In effetti, sul pantano della campagna allagata, non fosse stato per le nuvole in movimento, il cielo sarebbe apparso privo di vita. Solo qualche gazza ferma su un cavo della luce o sul ramo di un albero, col suo cra-cra richiamava la nostra attenzione, prima di spiccare il volo lontano dalla strada.
All’improvviso, ecco lo scoppio d’un fucile, a poca distanza da noi. “Hai visto, papà, non si è sollevato neppure un uccello!”. Giulia parlava come chi avesse trovato la prova del suo ragionamento, quando invece, anche stavolta, non faceva che ripetere una frase con cui nonno Nino giustificava la sua rinuncia alla caccia, a cui si era rassegnato già molti anni fa. Così, quando meno te l’aspetti, i bambini dimostrano di essere molto attenti alle parole dei più anziani, con gli occhi dei quali guardano più degli adulti alla realtà delle cose. Era vero, solo alcune gazze si erano levate in volo allo scoppio del fucile; e si sa che nessun cacciatore ha mai sparato alle gazze, se non per provare l’efficacia di una cartuccia.
Ricominciava a piovere, a ’nziddhacare, come diciamo noi, ed era opportuno rientrare in macchina e portarsi verso casa. Sulla via del ritorno, alle prime case del paese, Giulia mi ha indicato la cupola del circo che da qualche giorno si era attendato in periferia. Allora, abbiamo fatto una piccola sosta davanti al campo, dove erano parcheggiati i camion delle bestie feroci e Giulia ha potuto sgranare gli occhi alla vista di due tigri dietro spesse sbarre di ferro.
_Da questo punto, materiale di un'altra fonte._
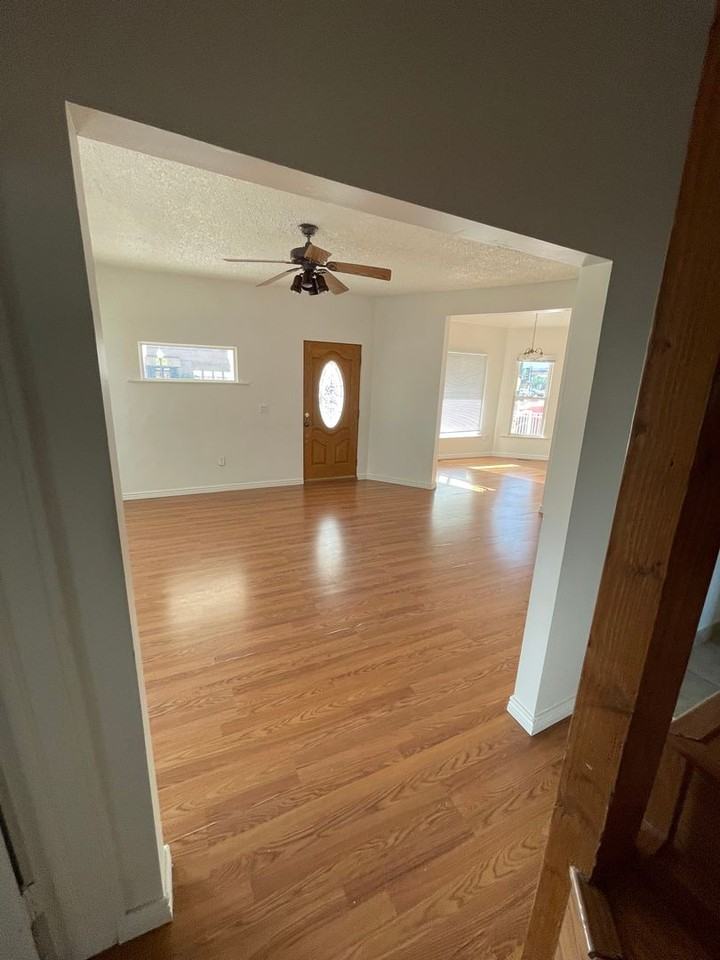 706 Railroad Ave -1 - Photo 7 of 28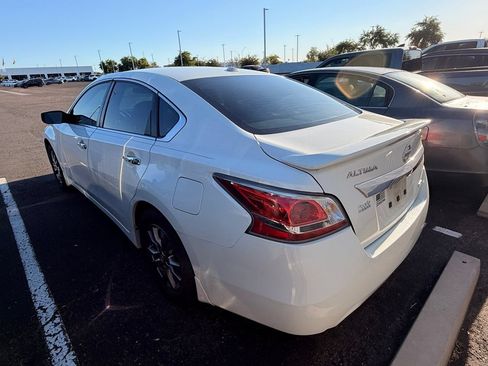 Used 2015 Nissan Altima 2.5 S w/ Special Edition Package FWD image 5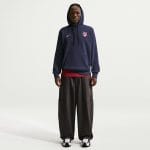 Sudadera oficial del Atlético de Madrid modelo Club para adulto. Prenda de aficionado con el escudo del equipo bordado en el pecho.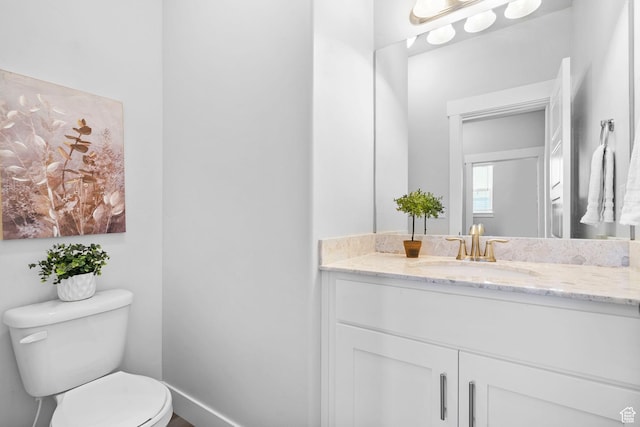 516 W 1000 N, Mapleton, UT 84664 - half bathroom featuring toilet and vanity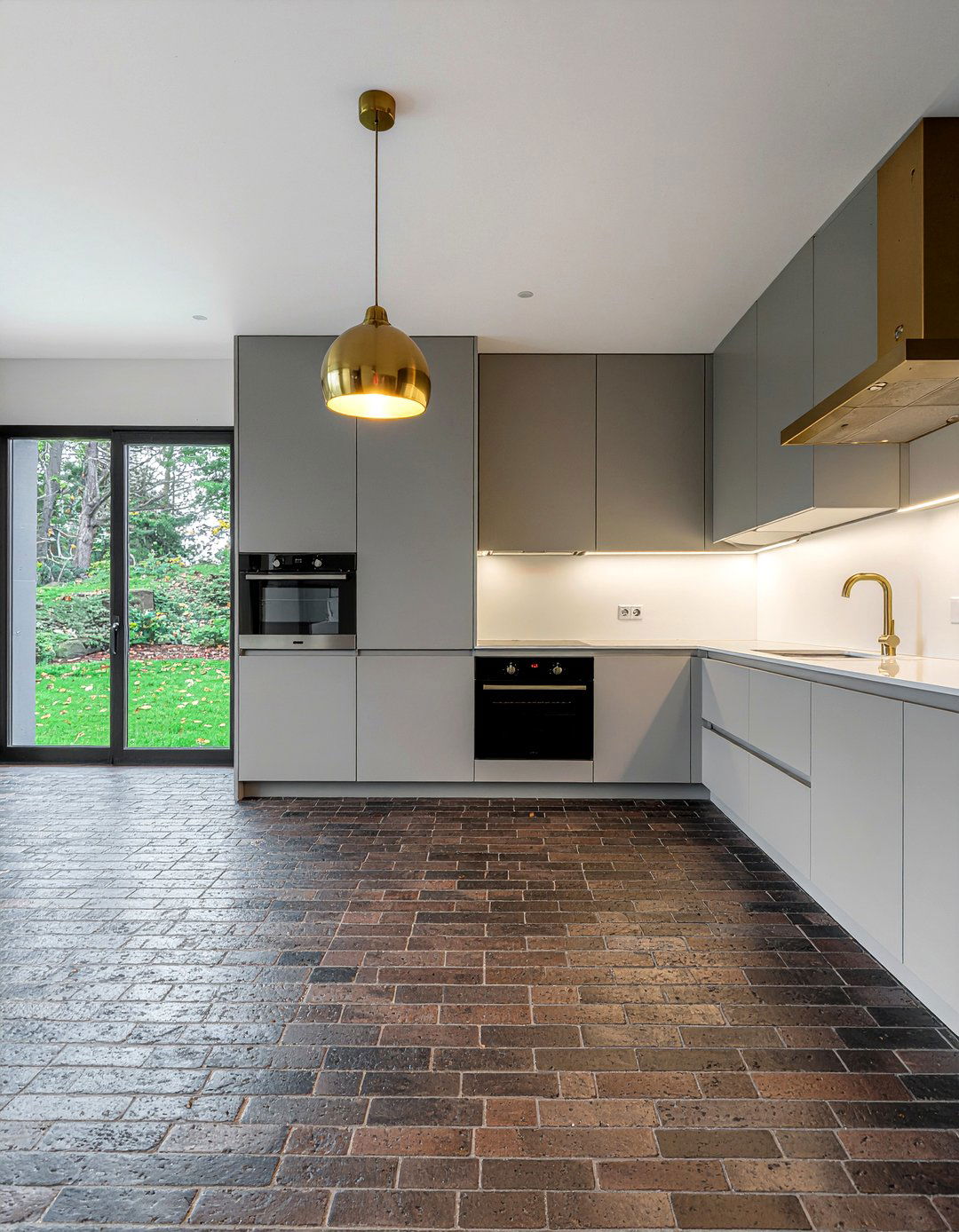 Dark brick kitchen floor - 30 brick floor kitchen ideas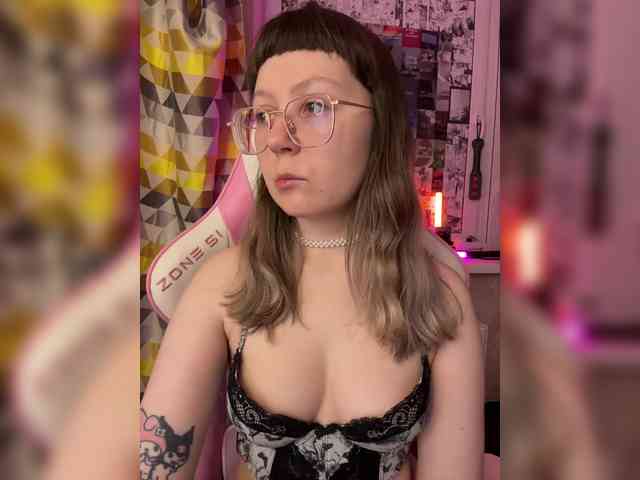 henby_streams webcam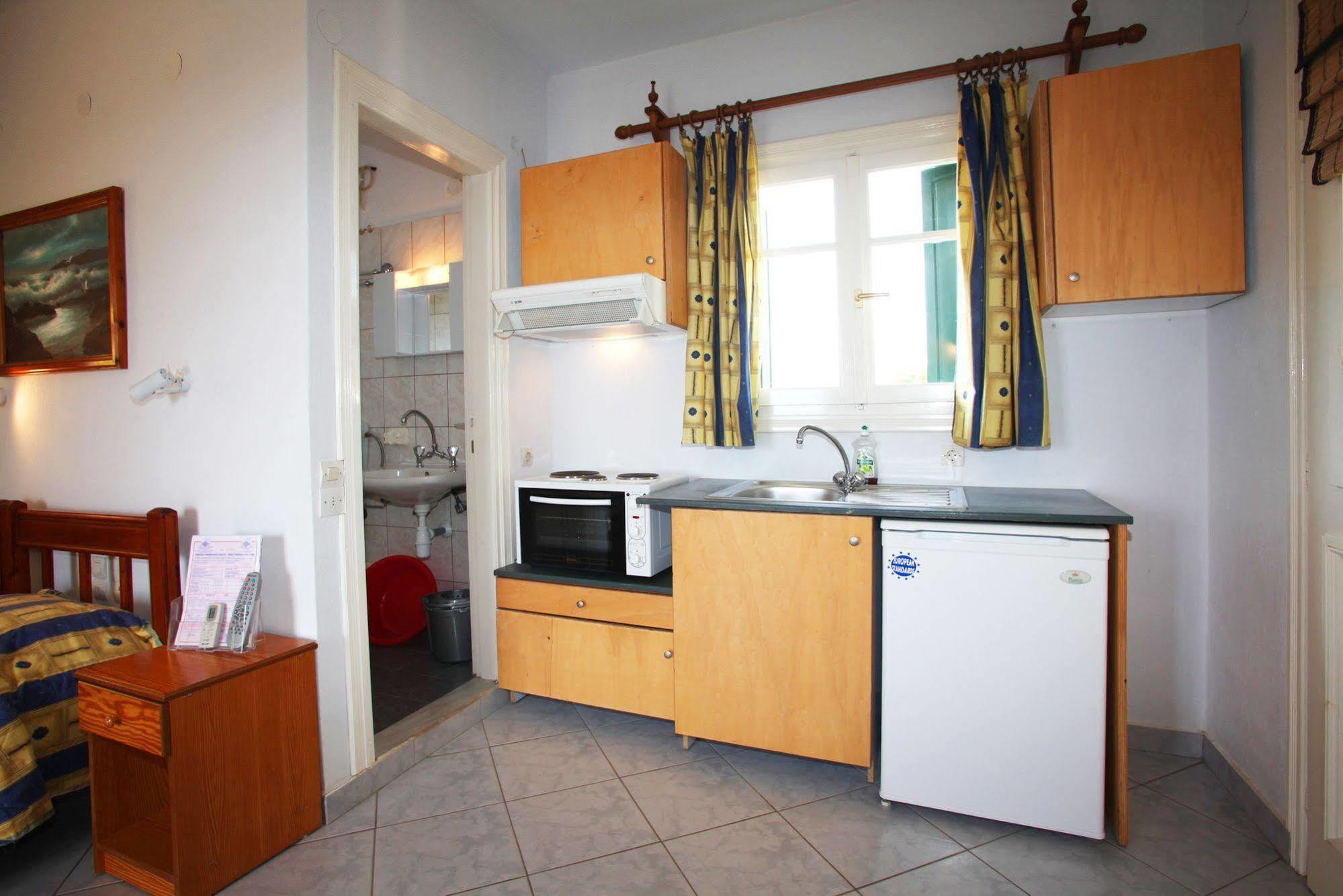 Alexandros Rooms & Studios سكوبيلوس تاون المظهر الخارجي الصورة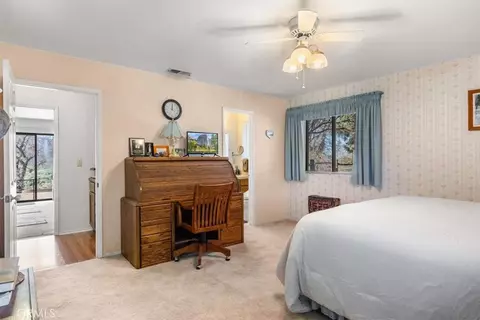 Bedroom - 23841 Dart, Tehachapi, CA 93561 photo 7 of 8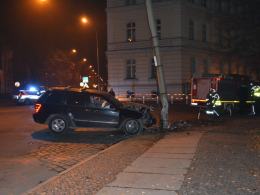 Pijany kierowca wjechał jeep'em w latarnię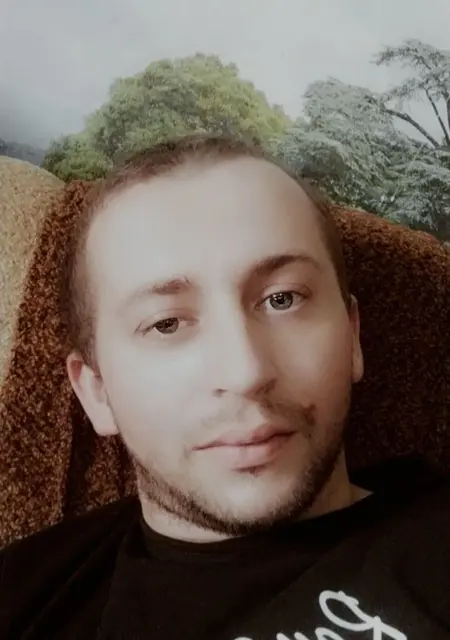 Я Дмитрий, 29, из Белогорска, ищу знакомства без обязательств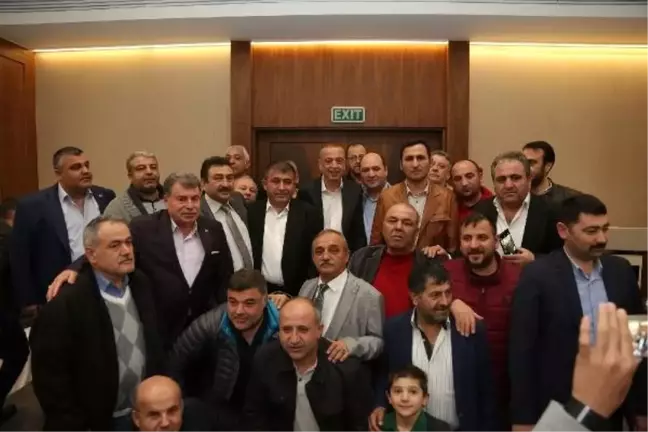 İlgezdi, Taksiciler ve Seçim Sandık Görevlileri ile Buluştu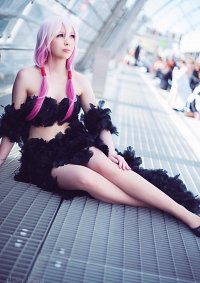 Cosplay-Cover: Inori Yuzuriha [Feather Dress]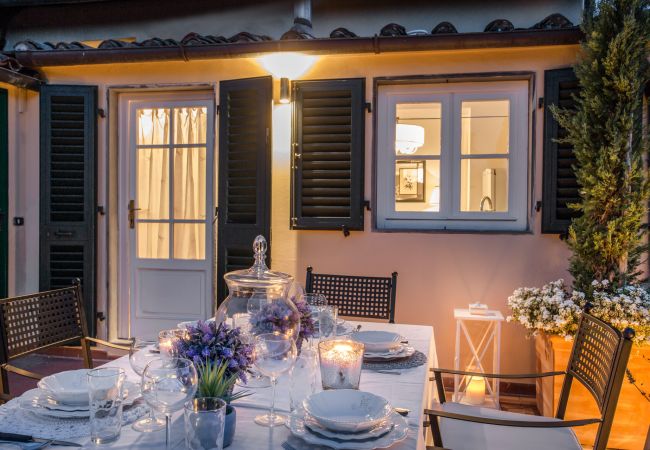 Апартаменты на Lucca - Flourish Apartment with Grand Terrace inside Lucca City Centre Апартаменты на Lucca - Flourish Apartment with Grand Terrace inside Lucca City Centre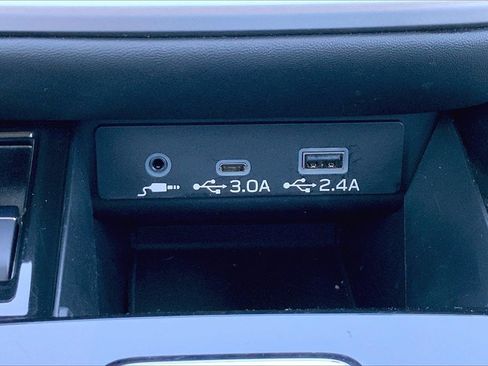 Certified 2025 Subaru Outback Premium image 16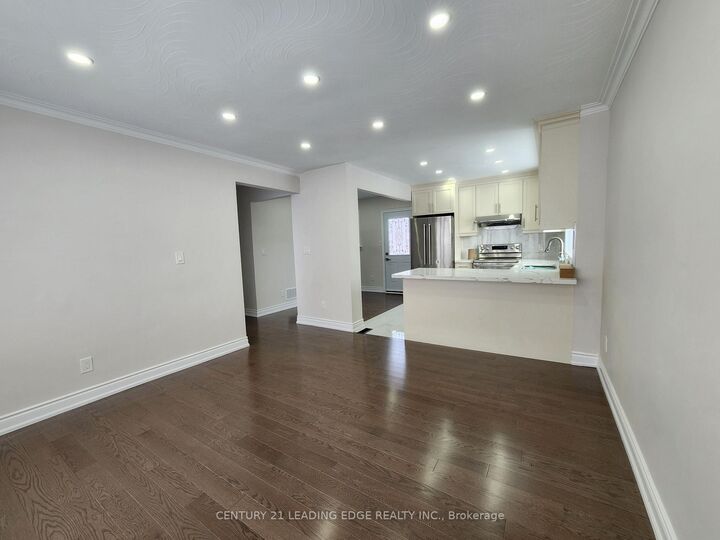 Property Photo:  53 Milford Haven Drive  ON M1G 3C7 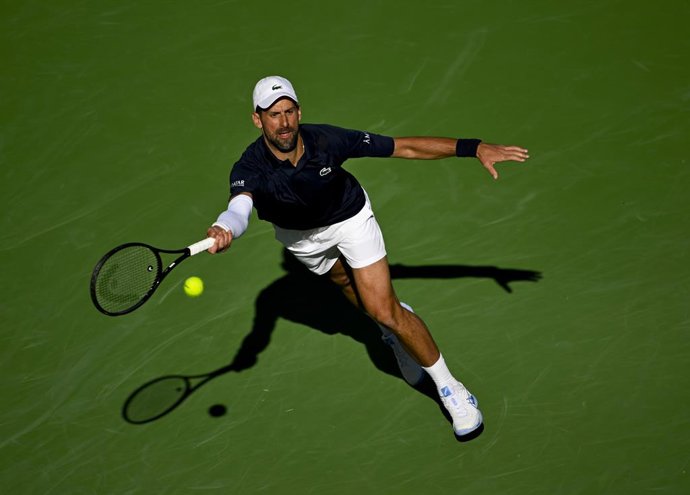 07 March 2026, US, Indian Wells: Serbian tennis player Novak Djokovic plays a forehand return to Poland's Kamil Majchrzak during Day 4 of the BNP Paribas Open at the Indian Wells Tennis Garden. Photo: Charles Baus/CSM via ZUMA Press Wire/dpa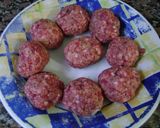 Foto del paso 2 de la receta: Albóndigas estofadas con puré de papas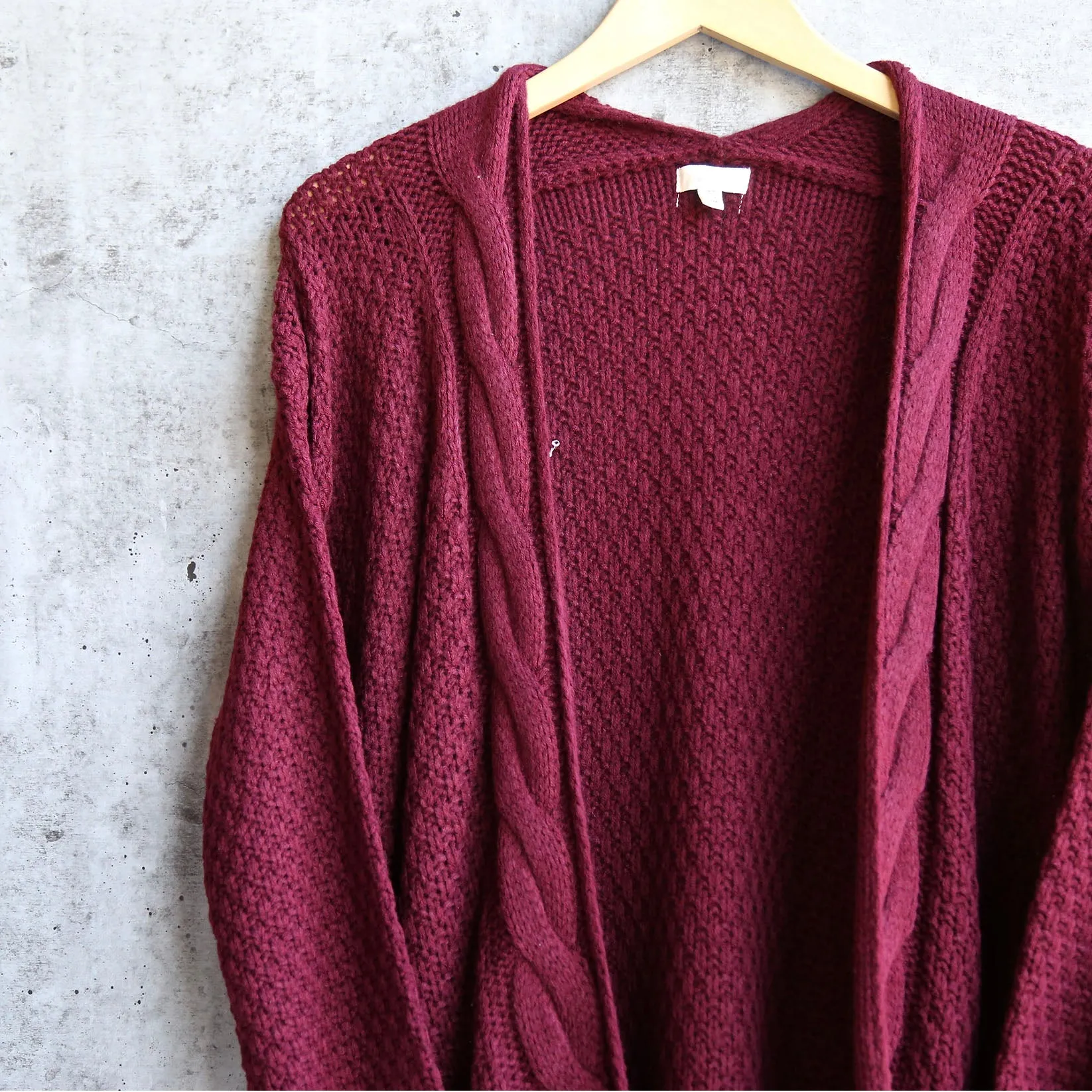 Final Sale - Dreamers by Debut Cable Knit Open Cardigan - Burgundy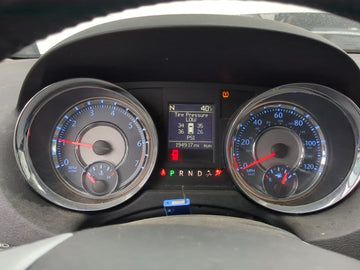 2011 Chrysler Town & Country Instrument Cluster Speedometer Gauges Fits OEM Used Auto Parts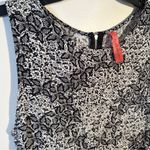 Eight Sixty StitchFix  Black/White Colorblock Top Size Small Photo 4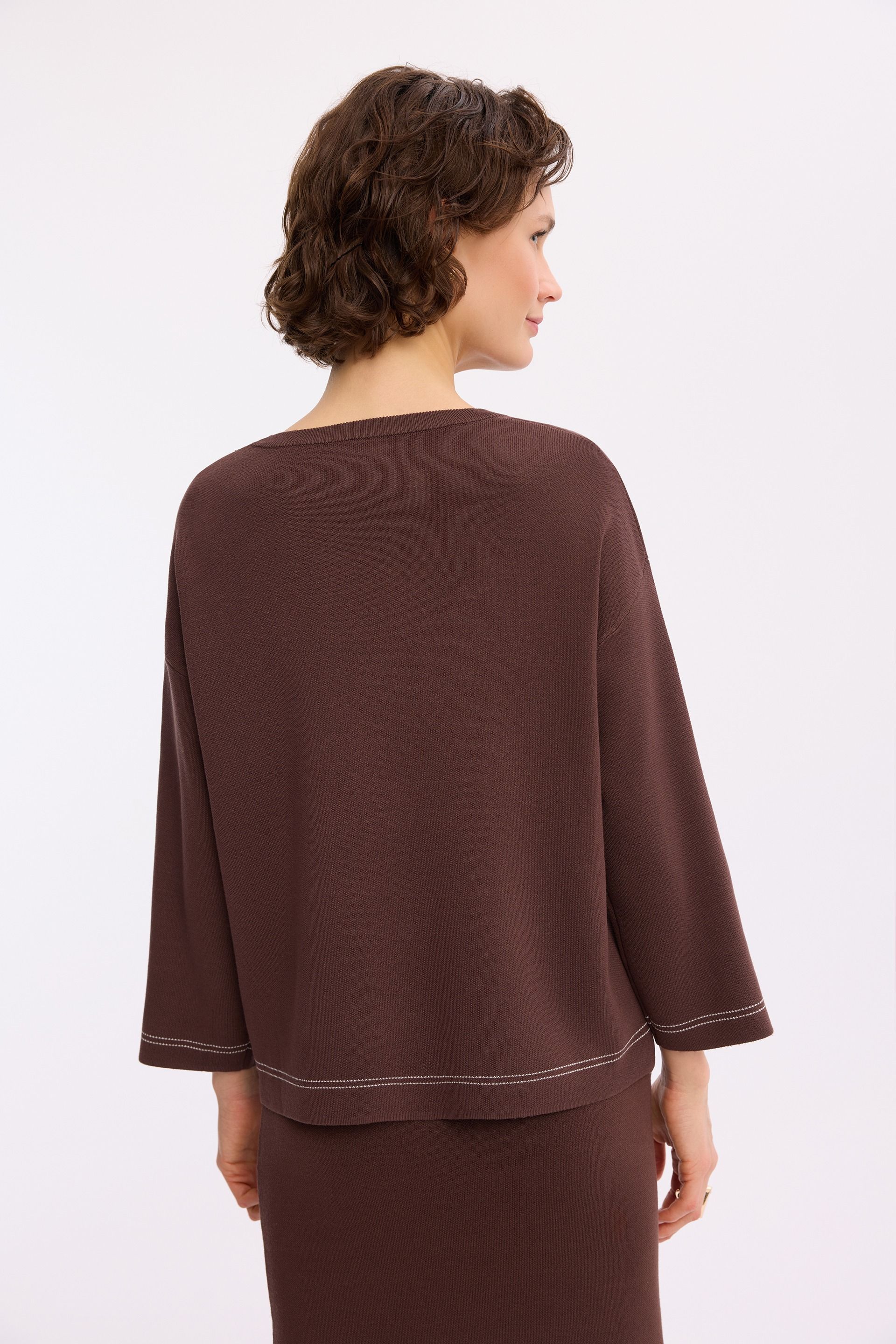 Dzianinowy sweter brązowy – elegancki sweter damski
Una se ne stava immobile, distesa, e sembrava dormire, l’altra era un po’ inquieta e girava su se stessa come un cane che si morde la coda. “E se scappassero?” ha detto Giulia. “Speriamo proprio di no!” le ho risposto, considerando la loro mole. Intanto cominciava a piovere più intensamente e un clown si dava da fare per chiudere le imposte del camion perché le bestie non si bagnassero. Sarebbero rimaste al buio, almeno nel tempo della pioggia. Anche a noi non rimaneva che tapparci in casa e aspettare l’arrivo della tramontana.